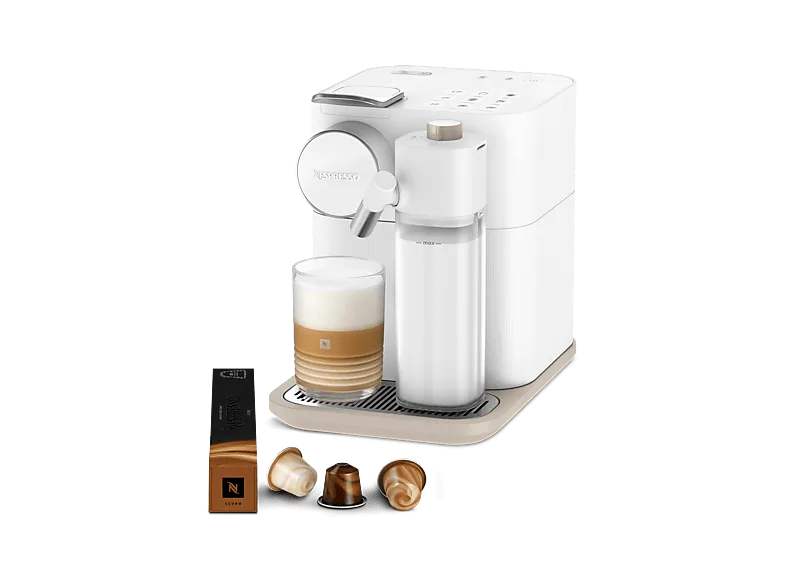 Cafetera de cápsulas - De'Longhi Nespresso® Gran Latissima EN640.W, 1400W, 19 bar, 1.3 l, Depósito leche 0.5 Blanco (imagen 1 de 3)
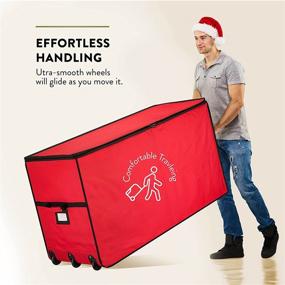 img 1 attached to Super Rigid Rolling Christmas Tree Storage Box - Canvas Fabric with Cardboard Inserts - Easy Access, Fits 7.5 ft Trees - Convenient Wheels & Handles (Red)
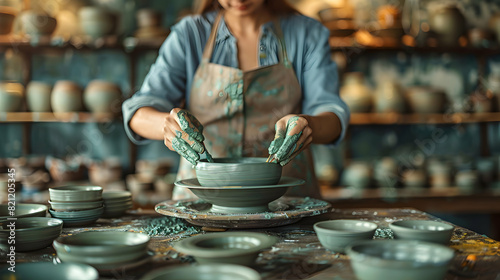 Crafting Dreams: Capturing the Art of Pottery Making in a Ceramics Studio with Photo Realistic Precision, Showcasing the Artisan s Hands on Creativity and Craftsmanship � Ideal for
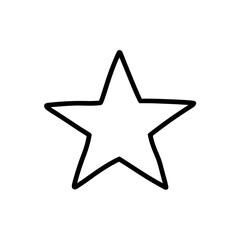 Hand Drawn Star Outline on White Background Graphic Resource for Design Projects and Creative Concepts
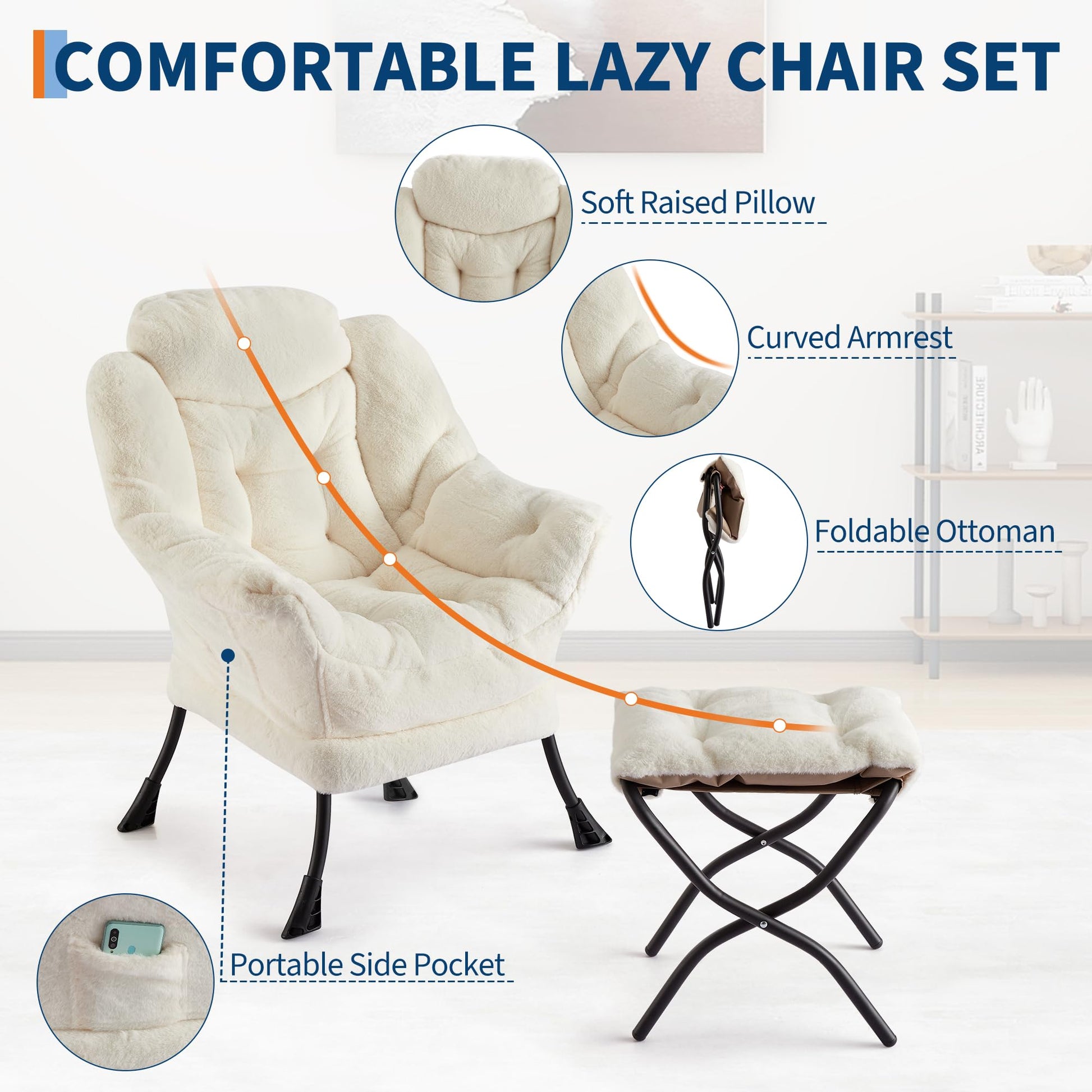Fauteuil relax Garvee avec repose-pieds, ergonomique, durable, blanc, pour salon, bureau, confortable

□ □ □ □ □ □ □

▶ Exercise requirements: Reproduce the data in full. Do not carry over any picture.

▶ Output for this task:
 Cafetera de cápsulas - De'Longhi Nespresso® Gran Latissima EN640.W, 1400W, 19 bar, 1.3 l, Depósito leche 0.5 Blanco (imagen 1 de 3)
 img 1 attached to Super Rigid Rolling Christmas Tree Storage Box - Canvas Fabric with Cardboard Inserts - Easy Access, Fits 7.5 ft Trees - Convenient Wheels & Handles (Red)
 Crafting Dreams: Capturing the Art of Pottery Making in a Ceramics Studio with Photo Realistic Precision, Showcasing the Artisan s Hands on Creativity and Craftsmanship � Ideal for
 Hand Drawn Star Outline on White Background Graphic Resource for Design Projects and Creative Concepts
Fauteuil relax Garvee avec repose-pieds, ergonomique, durable, blanc, pour salon, bureau, confortable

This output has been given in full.